DK Science: Matter
Everything you can hold, taste, or smell is made of matter. Matter makes up everything you can see, including clothes, water, food, plants, and animals. It even makes up some things you cannot see, such as air or the smell of perfume. You can describe a type of matter by its MATERIAL PROPERTIES such as its colour or how hard it is. Matter is made up of PARTICLES so tiny that only the most powerful microscope can see them.
Not everything is made of matter. Non-matter includes the light from a torch, the heat from a fire, and the sound of a police siren. You cannot hold, taste, or smell these things. They are not types of matter, but forms of energy. Everything that exists can be classed as either a type of matter or a form of energy.

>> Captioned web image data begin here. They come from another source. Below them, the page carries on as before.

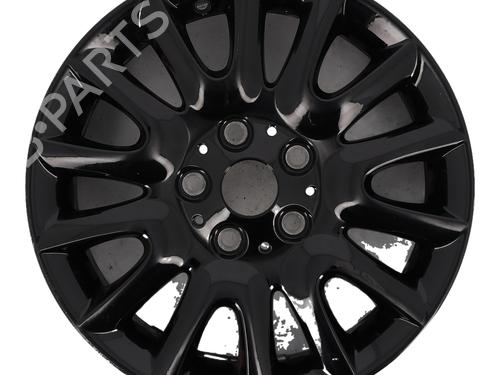Used Rim Rim 37489847 37489847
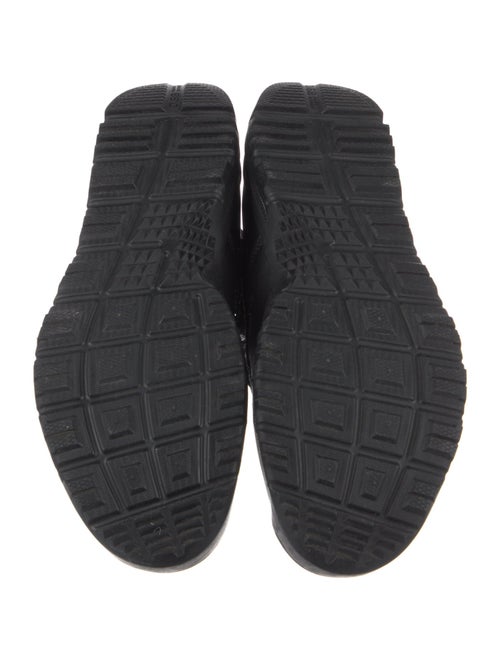 Nike SFB Gen 2 8" Black Athletic Sneakers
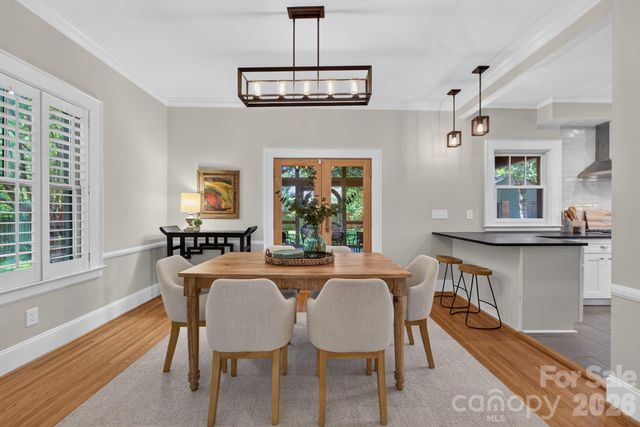 3809 Tuckaseegee Road, Charlotte, NC 28208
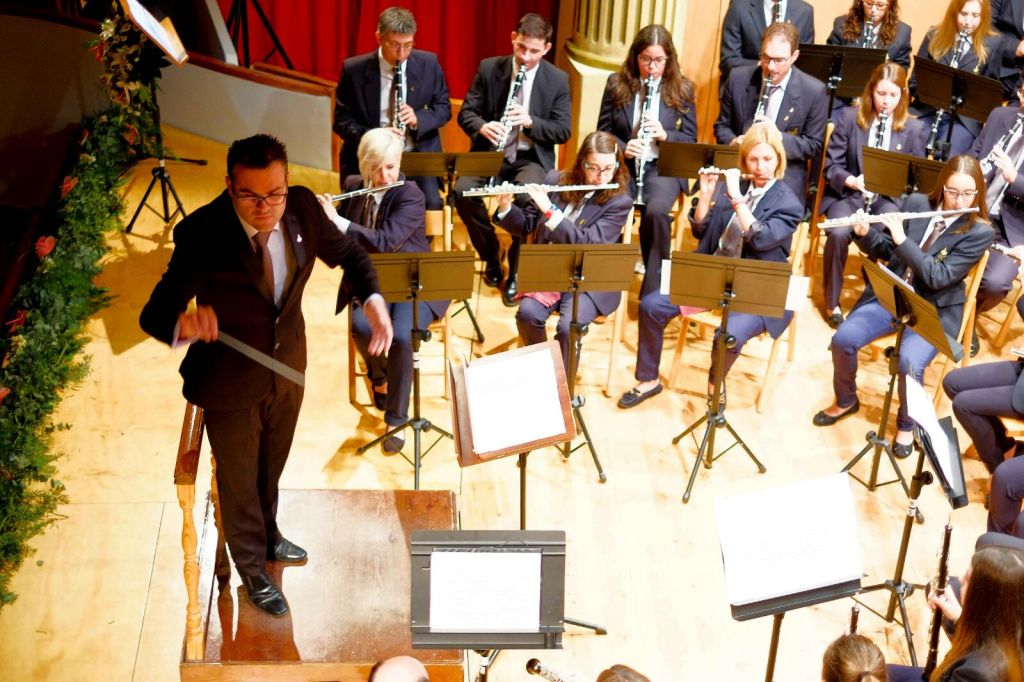 Participació en la 32 edició del Festival&nbsp;Comarcal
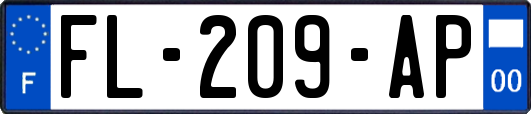 FL-209-AP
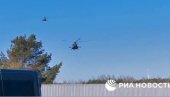 СВЕТ ЈЕ ОВО ЧЕКАО: Делегација Украјине стигла на место преговора са Русијом (ВИДЕО) СВЕТ ЈЕ ОВО ЧЕКАО: Делегација Украјине стигла на место преговора са Русијом (ВИДЕО)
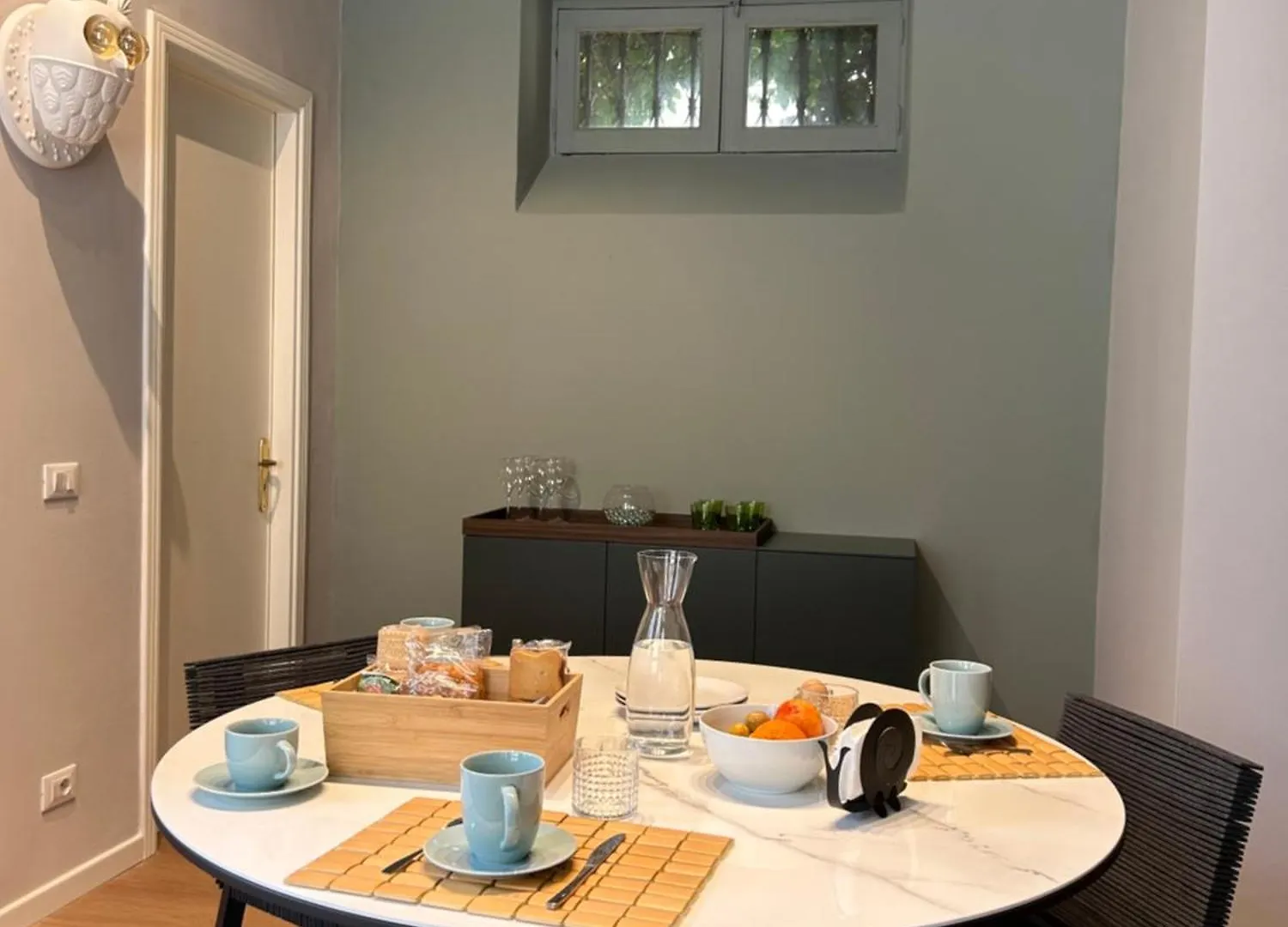 Yourlife Suite Palermo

Different types of matter have different material properties that make them useful for different jobs. A plastic hosepipe is flexible, so it can be pointed in any direction. A perspex visor is transparent, so the wearer can see straight through it. A firefighter’s suit is shiny so it can reflect heat and light. Flexibility, transparency, and shininess are three examples of material properties.
All matter is made of incredibly tiny particles called atoms. Atoms are far too small to see with our eyes, but scientists have worked out how small they are. There are many kinds of atom. Sand grains are made of two kinds of atom: oxygen and silicon. People are made of about 28 different kinds of atom. Material properties depend on the kinds of atom the material is made from.
Grains of sand look like pieces of gravel when viewed through a microscope. They have different shapes and sizes. Each grain contains millions of atoms, too small to see with a microscope. A sand grain the size of the full stop at the end of this sentence would contain about 10 million million million atoms.
We cannot really see atoms with microscopes. The best we can do is image them, by bouncing light off the particles. A computer translates the light beams into an image. Scanning tunnelling microscopes (STM) and atomic force microscopes (AFM) do this.
Democritus was one of the first philosophers (thinkers) to say that everything was made up of particles too small to be seen. He believed these particles could not be destroyed or split. Democritus said that all changes in the world could be explained as changes in the way particles are packed together.